Senza i fertilizzanti artificiali, l'agricoltura sarebbe in grado di fornire cibo solo per la metà del pianeta
Il deputato e agricoltore Giovanni Berardi parla anche delle sfide che attendono la produzione locale

BRENO - Alcuni considerano la scoperta del processo Haber-Bosch, che prende il nome dai chimici tedeschi che agli inizi del ‘900 lo brevettarono e che tutt’ora permette la sintesi dell’ammoniaca in laboratorio, come l’effetto principale dell’esplosione demografica della popolazione mondiale. Giovanni Berardi, ingegnere agronomo e politico, affronta un argomento sempre d’attualità.

Quanto è diffuso l’utilizzo dei fertilizzanti artificiali in Ticino?
«Si fa uso sia di fertilizzanti chimici sia di concimi naturali come in molti posti del mondo, anche se il tutto viene regolato. Le normative legali sono severe. Poi grazie alla ricerca e alle analisi del suolo si lavora con piani di concimazione basati su un uso di fertilizzanti nella misura di quanto è necessario per la specifica coltura. In Svizzera è largamente diffusa la “produzione integrata”, il cui metodo prevede di intervenire quando è utile e non in maniera incontrollata».

Perché l’uso dei concimi chimici è così importante?
«Il principio è che la pianta ha un proprio metabolismo, per svilupparsi assume elementi dal terreno.

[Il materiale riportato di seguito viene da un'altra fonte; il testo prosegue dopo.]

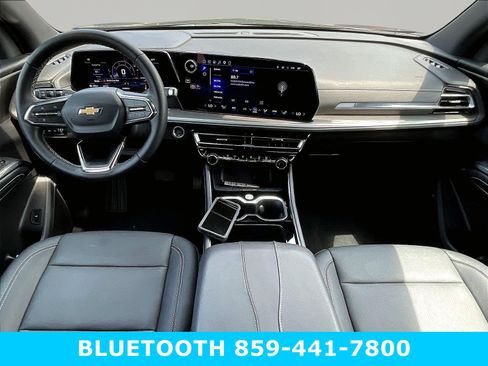 Used 2026 Chevrolet Traverse LT AWD/4WD image 7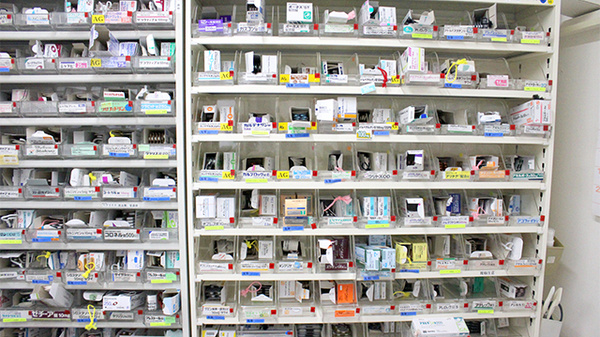 あいケア薬局前原店の薬棚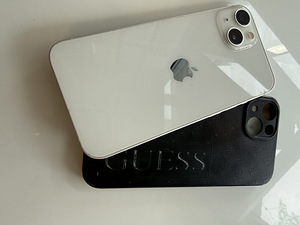 iPhone 13 256GB 100% (1 foto / 4)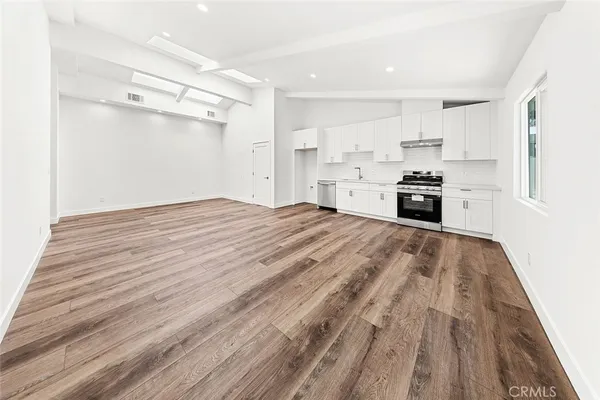$3,300 | 13010 Hartland Street, North Hollywood, CA 91605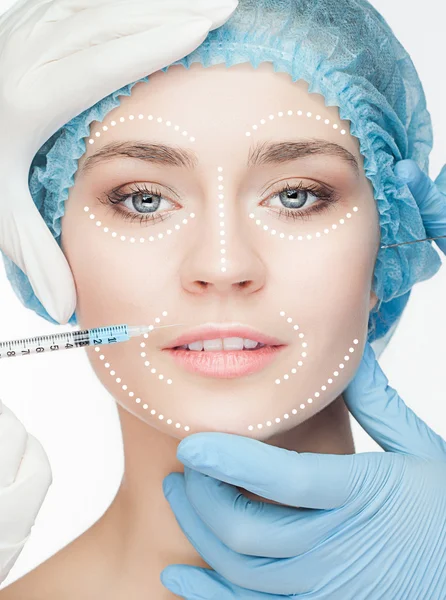 Den vackra kvinnan innan plastikkirurgi drift av kosmetika — Stockfoto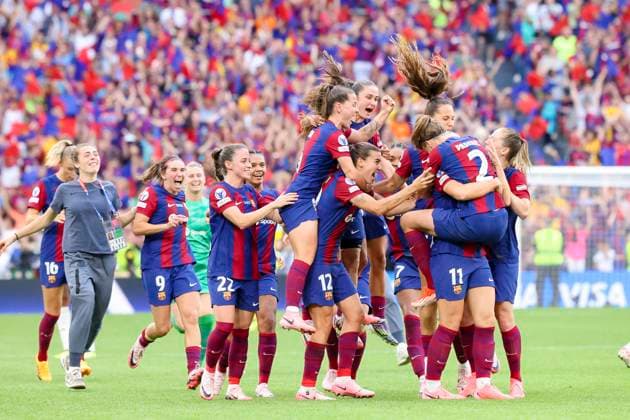 the player s of FC Barcelona, Barca celebrate after winning, UEFA Women s Champions League 2023 2024 - Final, FC Barcelona vs Olympique Lyonnais, Estadio de San Mames, May 25, 2024, Bilbao, Spain.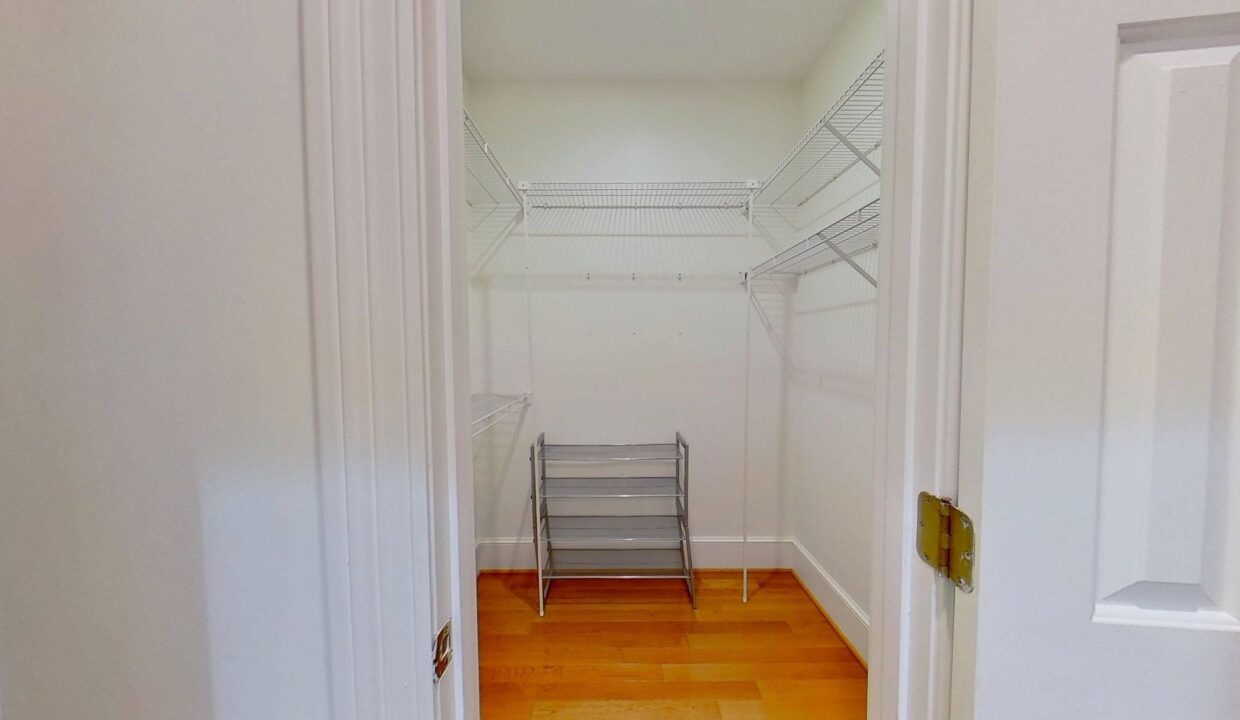 5630-Colony-Dr-Charlotte-NC-28226-34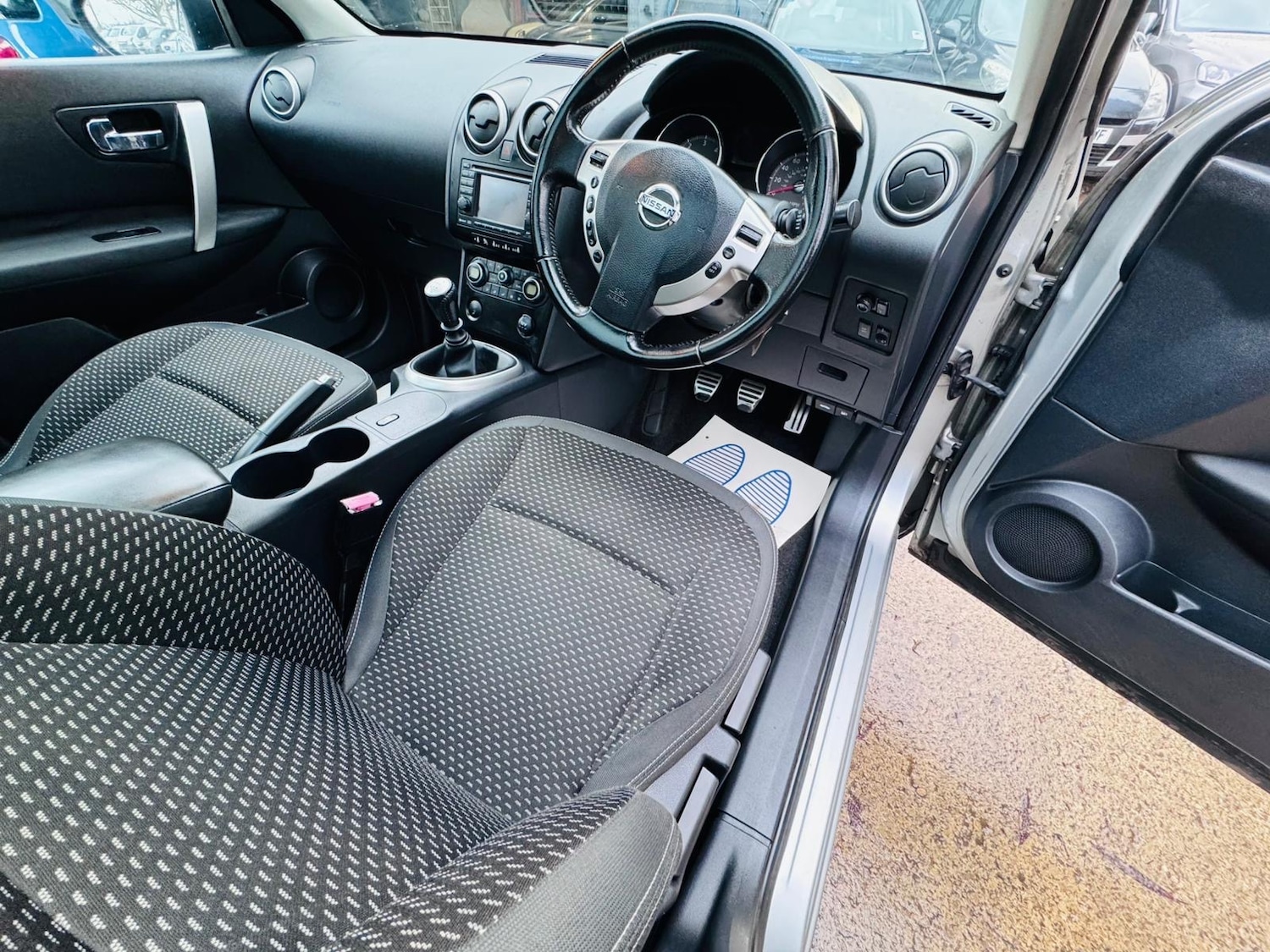 Used Nissan Qashqai 2009 for sale - 77052122: Photo 9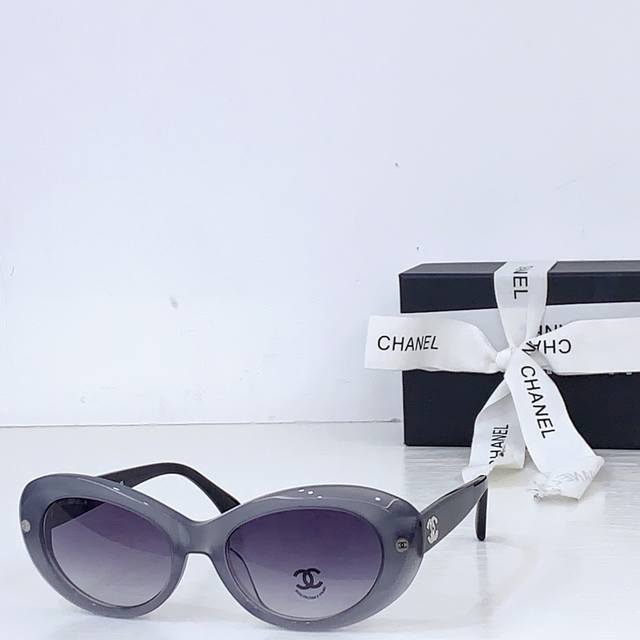 Chanel Model: A71731 Size: 52 ports 18-140 DDD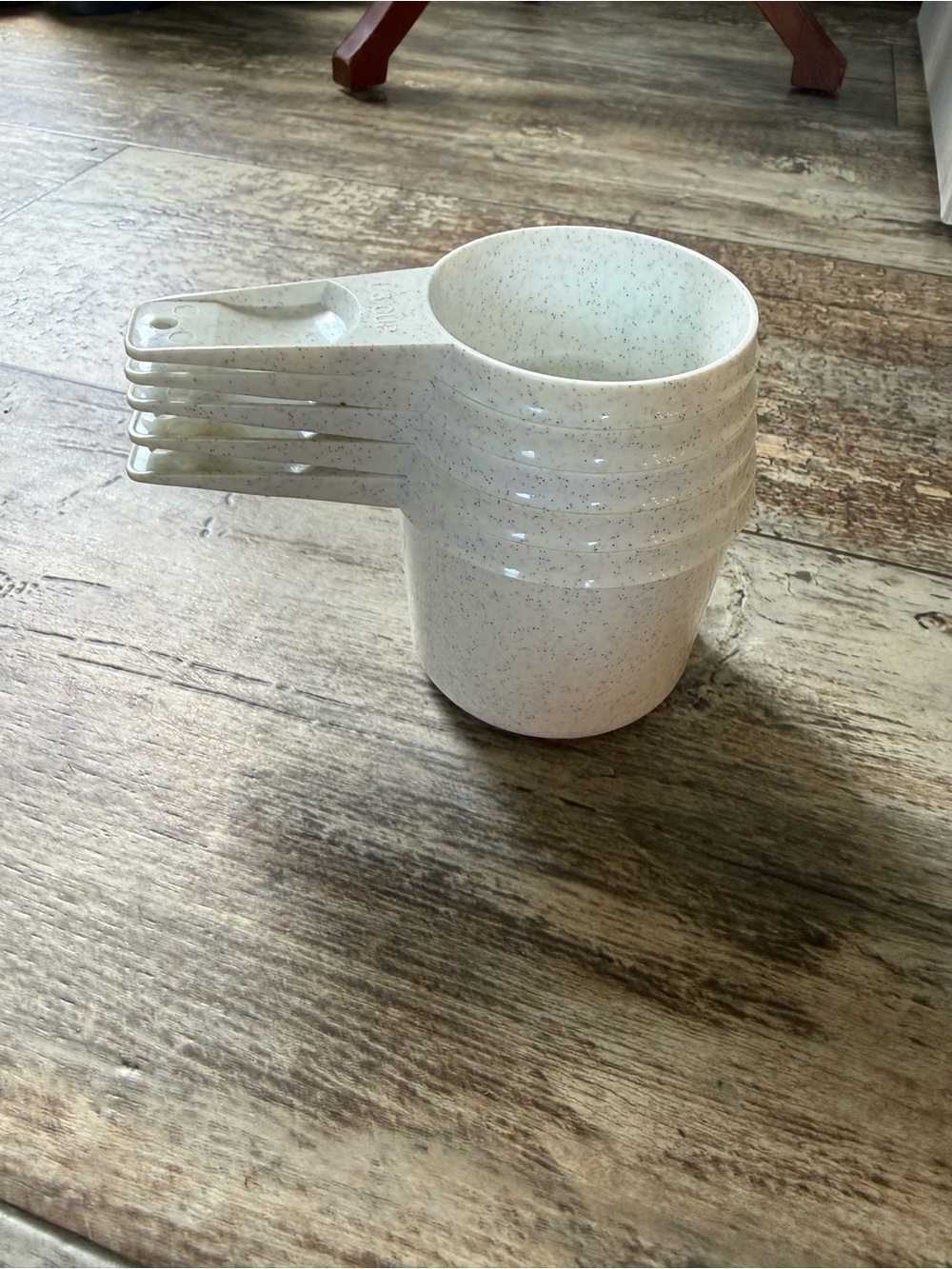 Set of 5 vintage Speckled nesting Measuring Cups - Tupperware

Oggi grazie alla ricerca sappiamo quanto un qualsiasi vegetale consuma questi elementi, rimuovendoli dal suolo. Senza apporti esterni che permettono il ricambio di queste sostanze, la terra si impoverisce. La concimazione chimica è reputata più pratica rispetto a quella naturale, perché risulta più semplice garantire questi cicli di sostanze nutritive, anche se un uso scriteriato può comportare problemi ambientali».

È sostenibile un sistema agricolo che ometta i fertilizzanti sintetici?
«Non è un’utopia dal punto di vista tecnico, però lo può essere nel cambiare metodo di produzione, sia a livello di disponibilità sia a livello economico. Bisognerebbe trovare un equilibrio tra mantenere una produzione elevata e adottare un’agricoltura sostenibile per l’ambiente. Allo stato attuale è probabilmente prematuro pensare di rinunciare totalmente ai concimi chimici, ma bisogna cercare di lavorare il più possibile con le tecniche agronomiche per avvicinarci a una reale alternativa».

La sempre più presente produzione bio può essere considerata una soluzione?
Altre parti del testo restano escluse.